BANFF – Two of the three orphaned black bears cubs found in a public washroom near Vermilion Lakes in 2017 have slipped out of their tracking collars, according to officials with Parks Canada.

The bruins emerged from their den this spring and are believed to be living in Banff National Park, though no sightings of the bears have been made by Parks. 

"As far as we know, those two animals are out there on the landscape being bears," said wildlife coexistant specialist, Blair Fyten. 

After the bears' first winter in rehabilitation facility, the bears were reintroduced to the Bow Valley last year with tracking collars and ear tags. 
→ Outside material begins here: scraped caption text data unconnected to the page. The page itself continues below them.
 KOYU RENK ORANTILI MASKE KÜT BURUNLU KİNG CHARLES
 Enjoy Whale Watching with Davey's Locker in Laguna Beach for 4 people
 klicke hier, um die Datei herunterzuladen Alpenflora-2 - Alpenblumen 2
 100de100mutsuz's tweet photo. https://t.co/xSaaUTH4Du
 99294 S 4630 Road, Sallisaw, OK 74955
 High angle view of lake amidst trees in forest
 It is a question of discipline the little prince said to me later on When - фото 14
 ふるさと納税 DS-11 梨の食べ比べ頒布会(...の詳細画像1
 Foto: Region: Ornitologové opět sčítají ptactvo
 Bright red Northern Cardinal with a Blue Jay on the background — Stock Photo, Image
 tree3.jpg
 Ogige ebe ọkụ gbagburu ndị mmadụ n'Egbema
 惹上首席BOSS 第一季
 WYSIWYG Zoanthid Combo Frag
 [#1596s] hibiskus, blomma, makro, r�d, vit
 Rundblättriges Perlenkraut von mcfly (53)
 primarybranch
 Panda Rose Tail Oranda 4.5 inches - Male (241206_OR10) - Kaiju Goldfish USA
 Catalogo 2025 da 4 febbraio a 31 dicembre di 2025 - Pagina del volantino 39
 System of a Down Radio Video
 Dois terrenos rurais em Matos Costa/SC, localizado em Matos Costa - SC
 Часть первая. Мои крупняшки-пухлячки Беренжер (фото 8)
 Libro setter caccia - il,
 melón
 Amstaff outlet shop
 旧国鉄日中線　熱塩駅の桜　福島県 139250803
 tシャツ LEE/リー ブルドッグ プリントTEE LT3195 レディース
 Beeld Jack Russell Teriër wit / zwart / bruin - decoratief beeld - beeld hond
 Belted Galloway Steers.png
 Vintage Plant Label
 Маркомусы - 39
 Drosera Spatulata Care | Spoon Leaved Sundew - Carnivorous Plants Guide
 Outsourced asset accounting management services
The collars of the two surviving bears stopped moving earlier this spring, but Fyten said the bears are tagged and there's no indication that they've died or been killed.  

"It took us a little while to get somebody out in the field to investigate this because the water was high and where they had to get to was a little inconvenient at the time," he said. "We did get staff out to both of these locations and we located both of the collars. At both of the sites, we never found any indication of predation or anything, no dead animals, and looking at the collars they were all intact."

Fyten said this means the collars slipped off, further explaining the bears likely lost some weight while learning how to survive in the wild.  

"These collars were slipped off and potentially the reason being is when these animals came back from the rehab centre, they are quite a bit heavier and fatter than bears in a wild and it takes them a little while to figure out how to find their food, where it's at, things like that," he said. "Also with denning, bears lose weight during the winter time.

"We believe these bears were able to slip the collars over their heads." 

The collars have a mechanism that means they would have fallen off in the late summer, or early fall anyway, to accomodate the growth of the bears, according to Fyten.

While two of the bears successfully denned in the winter within the park and have been since emerged from their dens, the third bear was found dead only a month after their initial release last year. 

"We released them in the back country last year on July 17, 2018," said Fyten. "It was a month later or so we lost one of them due to predation, another large carnivore, potentially a grizzly bear, had killed it. 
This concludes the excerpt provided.